Une bonne nouvelle n'arrive jamais seule. Alors que la firme paneuropéenne de capital-investissement 3i s'apprête à faire son retour parmi les cent plus grosses valeurs boursières londoniennes (FTSE 100), ses actionnaires ont répondu présent à son appel au marché. Vendredi dernier, la société a en effet annoncé que ses actionnaires avaient souscrit à hauteur de 96,55 % à son augmentation de capital d'un montant de 732 millions de livres, menée par JPMorgan Cazenove et Merrill Lynch. 3i a ainsi pu émettre 523 millions de nouvelles actions sur un total de 542 millions, à un prix de 135 pence, soit une décote de 60 % par comparaison au prix de l'action le 7 mai, veille de l'annonce du projet d'augmentation de capital. JP Morgan Cazenove et Merrill Lynch se sont chargés de vendre les 18,69 millions d'actions restantes à un prix de 277 pences à d'autres investisseurs.

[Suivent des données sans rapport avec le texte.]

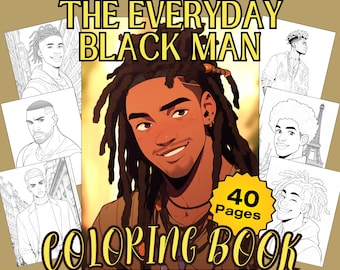 40 pagine da colorare di uomini neri / Il libro da colorare quotidiano per ragazzi, adulti e adolescenti neri in formato digitale e stampabile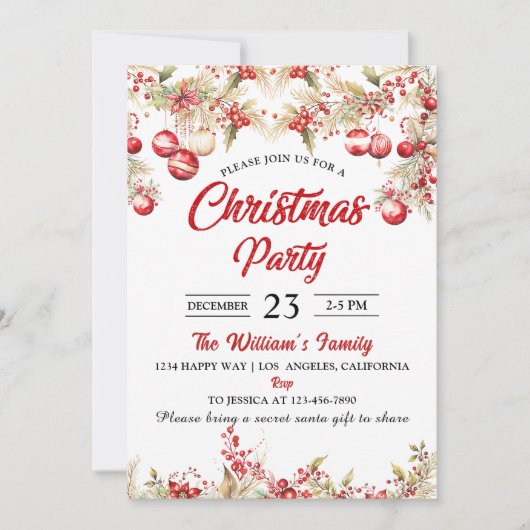 Weihnachts-Party Einladung (Vorderseite)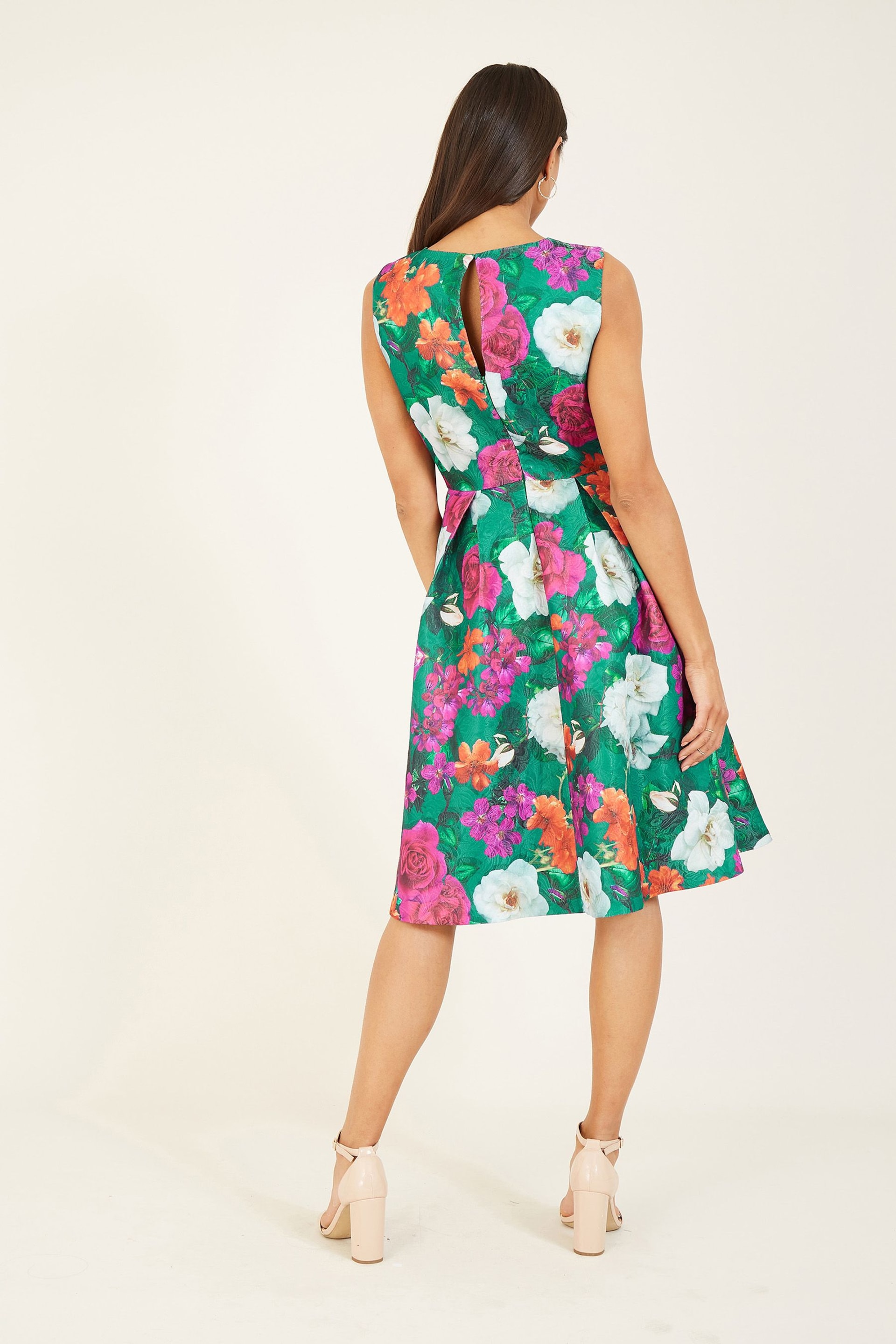 Yumi Green Floral Skater Dress - Image 2 of 4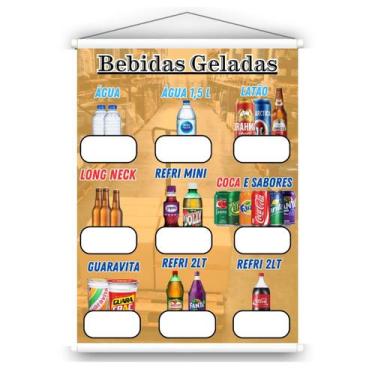Imagem de Banner em lona para Bebidas com preço editável. Uso interno e externo 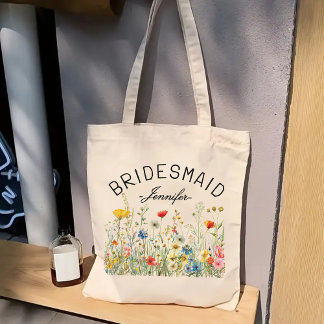 Bolsa Tote Saco de Flores Silvestres Personalizado, Presente 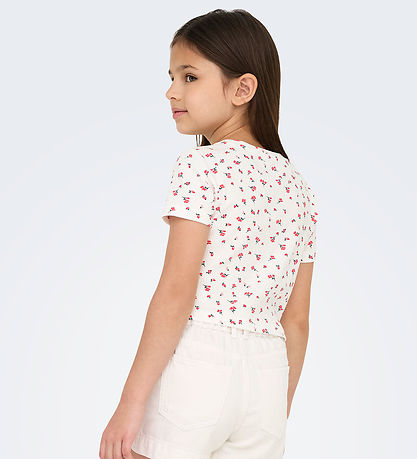 Kids Only T-shirt - KogBella - Rib - High Risk Red/White Backgro Kids Only T-shirt - KogBella - Rib - High Risk Red/White Backgro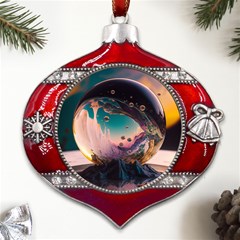 Crystal Ball Glass Sphere Lens Ball Metal Snowflake And Bell Red Ornament by Vaneshop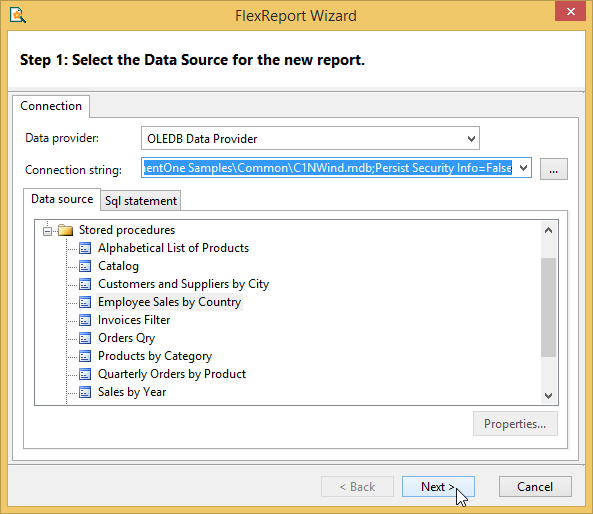 FlexReport Wizard showing Stored Procedures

« C'est un niveau élevé d'acceptation », a souligné l'analyste Iain Scouller d'Oriel Securities, « le marché a évolué depuis un mois, pariant désormais sur une reprise et des acteurs cycliques. De toute évidence, 3i profite de ce mouvement ». L'engouement des actionnaires est aussi une bonne nouvelle pour le tout nouveau directeur général de 3i, Michael Queen qui a repris les rênes de la société fin janvier en remplacement de Philip Yea. Grâce à l'arrivée de cette manne d'argent, le directeur général va ainsi pouvoir s'attaquer à l'un de ses principaux chantiers, qui consiste à diminuer l'endettement du fonds à 1,1 milliard de livres au cours des douze prochains mois alors qu'il était encore de 1,91 milliard fin mars, faisant passer son ratio de dette sur fonds propres de 40 % fin 2007 à 103 % au 31 mars 2009.
L'augmentation de capital va également permettre au groupe de reprendre ses investissements à une période où les opportunités sont bien réelles. Cette reprise en main intervient alors que le groupe de capital-investissement a clos son exercice 2008 sur une perte de 2,15 milliards de livres alors qu'il dégageait encore un bénéfice de 792 millions de livres une année plus tôt. D'ici à 2011, le groupe veut aussi réduire de 15 % sa base de coûts, une initiative qui passera avant tout par la consolidation de son réseau.